- **Provided data**

___

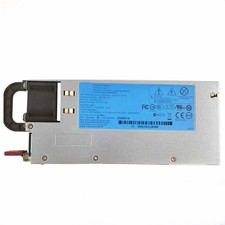 Used For HP G6 G7 511777-001 DPS-460EB A Server Power Supply 460W 100 Tested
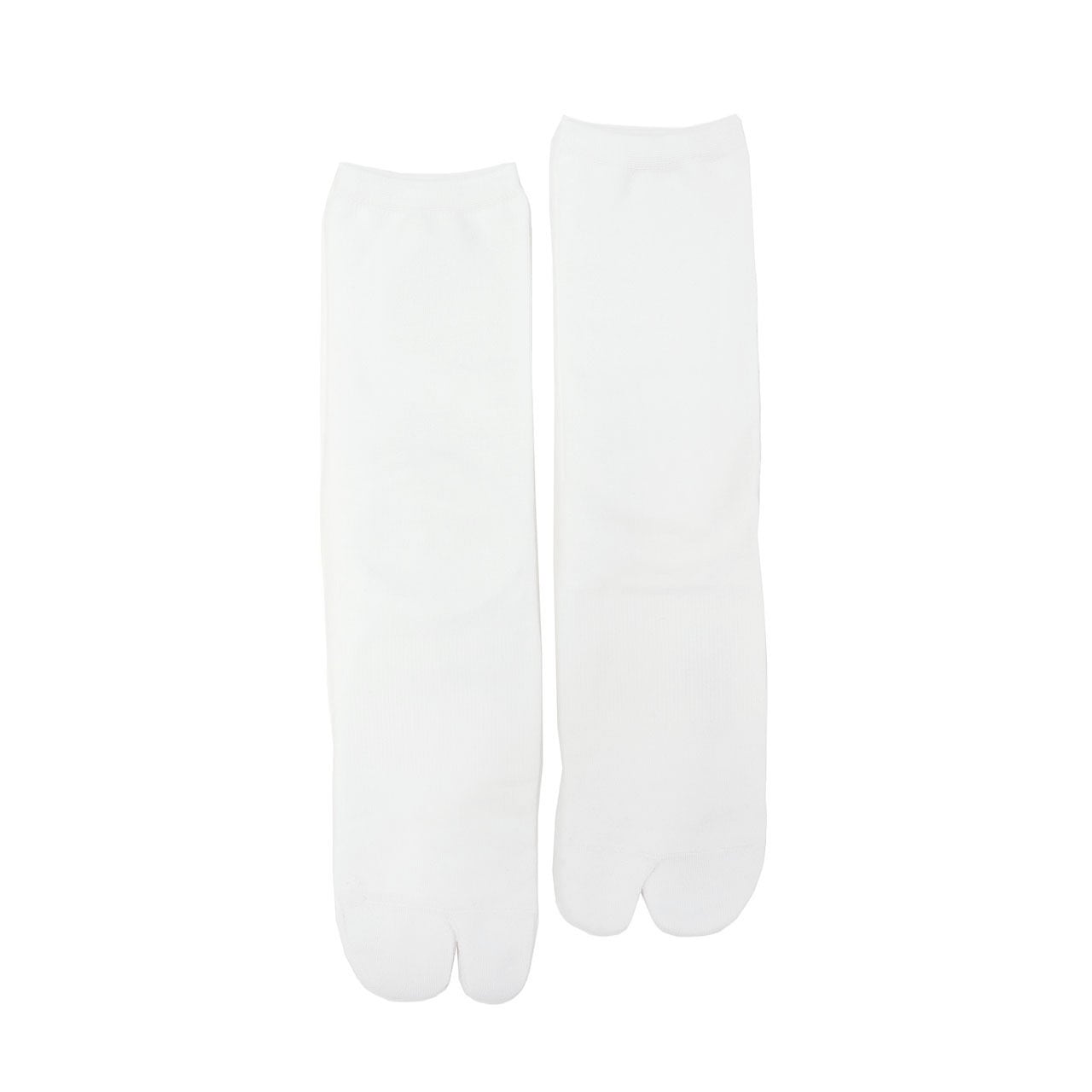 Cool Max Ecomadefiber Socks - White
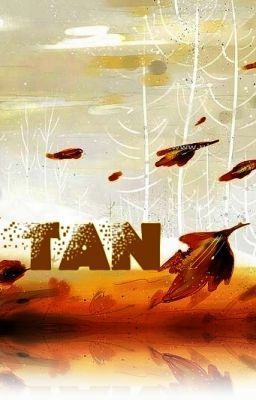 [T] Tan [Oneshot | Yoosu]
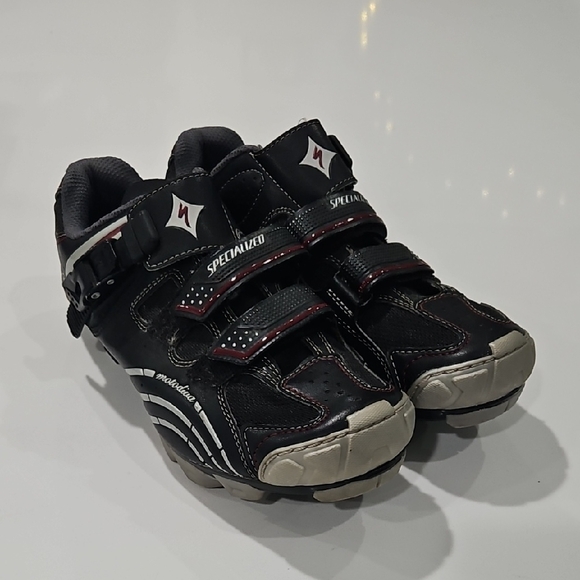 Specialized Cycling Shoes - Picture 1 of 7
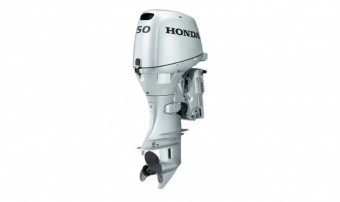  Honda BF50 SRTZ neuf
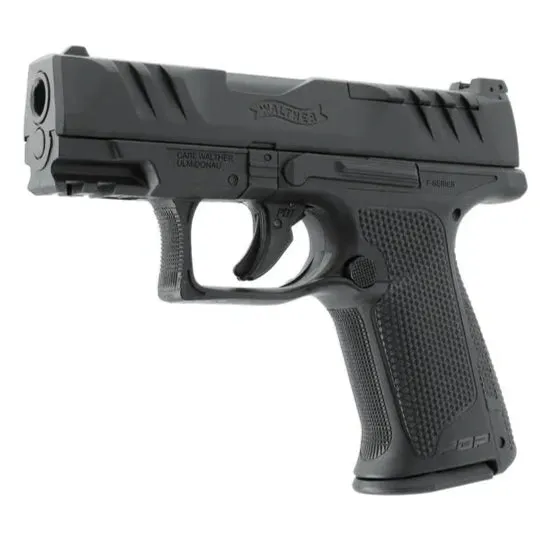 Walther PDP F-Series 3.5” CO2 Luftpistol 4,5 mm BB – Uten blowback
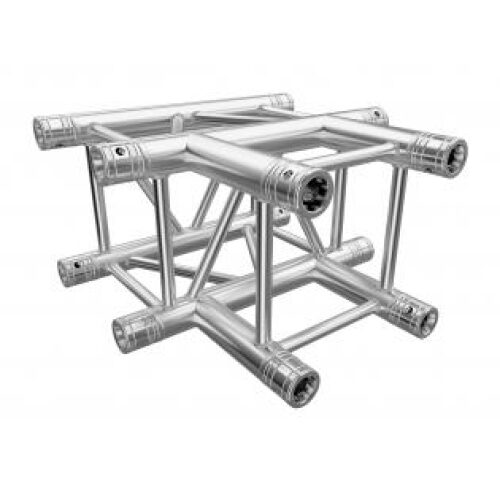 Global Truss F34 T35 90° 3 wege T-Stück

___

- **To do**
Print the lines from the one holding "Cool Max Ecomadefiber Socks - White" through the last line of the records, word for word, and omit the pictures.

- **Exercise solution**
 Cool Max Ecomadefiber Socks - White
 [T] Tan [Oneshot | Yoosu]
 Specialized Cycling Shoes - Picture 1 of 7
  Honda BF50 SRTZ neuf
 Walther PDP F-Series 3.5” CO2 Luftpistol 4,5 mm BB – Uten blowback
 Global Truss F34 T35 90° 3 wege T-Stück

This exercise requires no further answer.